Question BI growth

Surya Singh Ghale · Oct 14, 2014

Hi All,

We are performing bulk loading and the BI is getting increased in uncontrolled way.
Any solution to restrict BI growth?

Thanks and Regards,
Surya

Cringer · Oct 14, 2014

What method are you using for the load? You must be doing it online. The BI is a not of all running transactions etc so that in the event of a crash they can be undone systematically to ensure that the DB integrity is maintained. You don't want to prevent this from happening in my opinion. On the other hand, if you load the data offline (probably more sensible anyway IMO) then the BI won't grow IIRC.
Alternatively examine your load code to make sure it is only performing small transactions rather than a big one that stays outstanding for the life of the load. That way the BI should not grow out of control.

RealHeavyDude · Oct 14, 2014

The BI growth is determined by two factors

Transaction load
Long running transactions.

In almost all cases I have seen the second factor - long running transactions - were the root cause of the growth. Long running transactions which prevent BI clusters from being re-used are alway cause by the software uitilizing transaction scopes which are much larger than they need be. Most of the times I've seen this it was not on purpose but by accident.

The only thing you can do is to fix the transaction scope so that the transactions are as small as possible to allow BI clusters from being re-used much faster.

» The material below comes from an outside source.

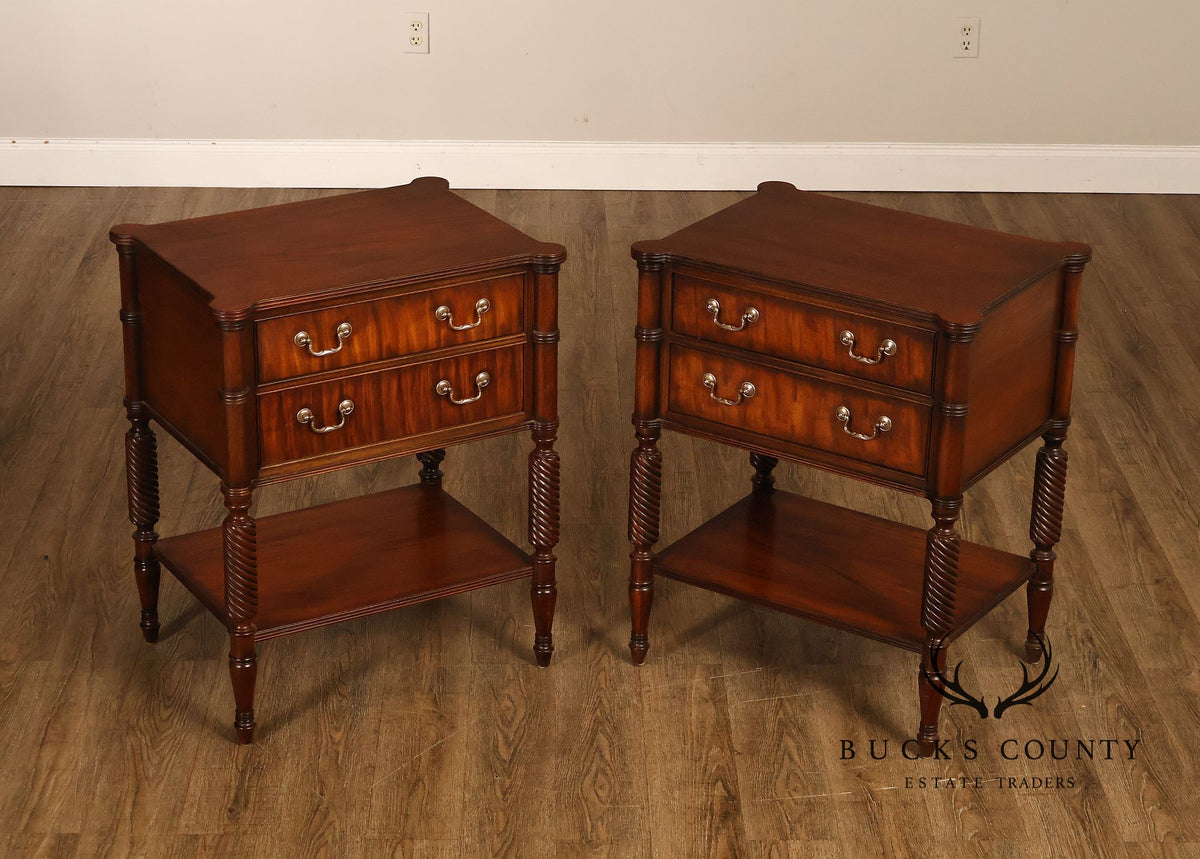 Ethan Allen "Newport" Pair Of Mahogany Two Drawer Nightstands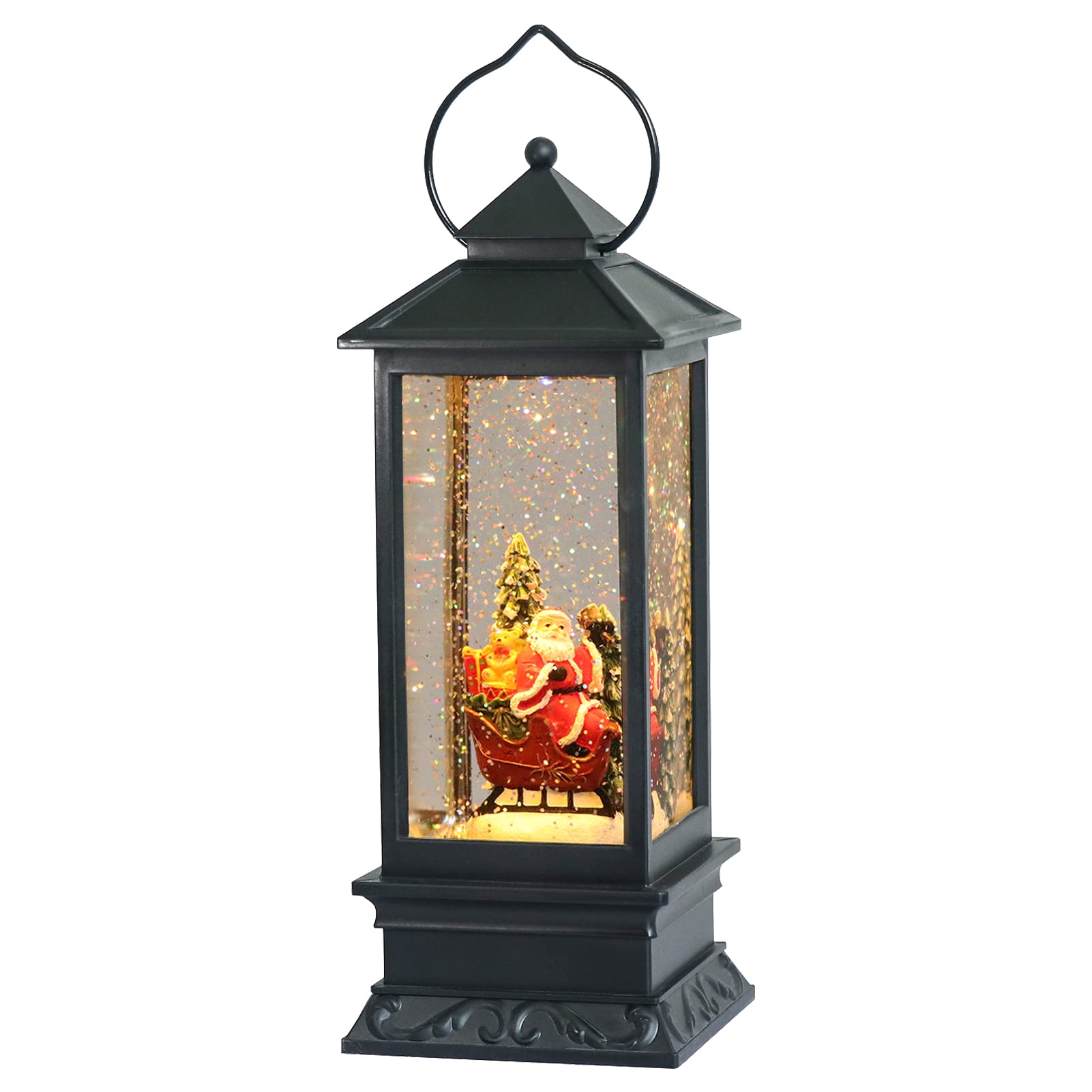 Eldnacele Halloween Ghost Projection Snow Globe Lantern with 6 - Hour Timer, Lighted Plug - in & Battery Operated Water Glittering Snowing Globe Lamp for Spooky Fall Halloween Indoor Decoration(Skeleton) - Halloween Happy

You should inspect the software you are using to do the load and compile it using the listing option to see the transaction scopes.

There is nothing you can do on the database to prevent such transactions. All you can do to prevent the database from shutting down abnormally is to use the -bistall paramater ( possibly in conjunction with the -bithold parameter ).

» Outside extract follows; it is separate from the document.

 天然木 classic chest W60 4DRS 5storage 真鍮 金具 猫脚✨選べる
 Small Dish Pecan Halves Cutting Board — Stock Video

Heavy Regards, RealHeavyDude.

Rob Fitzpatrick · Oct 14, 2014

If it is possible to take a maintenance window where other users cannot access the database then you should do so. Then you can restart the database with startup parameters and BI configuration tuned for a bulk load (and for preventing access by business users). If the load is very large and time-consuming I use the maximum BI block size and cluster size during the load to improve performance (although that does nothing to change volume of BI notes).

If it is a very large and time-consuming load I may also start the database with no-integrity (-i) which also improves performance and does decrease the volume of BI notes. Warning: do not use -i unless you clearly understand its implications and the very limited cases where it is acceptable for use. This parameter prevents crash recovery, so it is only acceptable for use when there is no normal forward processing (business activity) happening in your database. You must have a good backup of the database taken just before the database was started. If you crash, your only means of recovery is restoring that backup. Remember to shut down the DB again and back up again immediately after the load finishes. Never use this parameter in production.

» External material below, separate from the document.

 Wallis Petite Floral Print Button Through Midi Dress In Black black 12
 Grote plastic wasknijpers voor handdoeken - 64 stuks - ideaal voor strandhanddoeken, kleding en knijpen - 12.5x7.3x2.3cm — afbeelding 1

As RHD said, your problem may well be a combination of two factors: an old active transaction (not necessarily related to your bulk load session) that has pinned the earliest BI cluster and prevented its re-use, combined with the high volume of BI notes caused by the bulk load that causes additional clusters to be added to the BI file. But without more information from you we can only speculate. I suggest you review your bulk-loading code to see if its transaction scope is too large. It is possible that the developer tried to use a "transaction batching" technique to purposely increase the transaction scope as a means of improving throughput. This can work but the trade-off is BI file growth. You can review manually and also run COMPILE LISTING to see your transaction scope in each procedure.

I also suggest you run your bulk-loading code on a test database where you are the only user. Monitor the database in promon or ProTop. How many transactions (commit in promon) do you see? How often does your transaction ID change? Are the numbers what you expect? Do you see BI growth?

Surya Singh Ghale · Oct 15, 2014

Hi Cringer/RealHeavyDude/Fitz,

Thanks a lot for your information.

We are actually performing huge loading transactions. We did a series and test and the conclusion is that BI cluster was unused due the very first cluster being active. It was interesting to see that after the first transaction was killed, the BI stopped growing as it was being reused.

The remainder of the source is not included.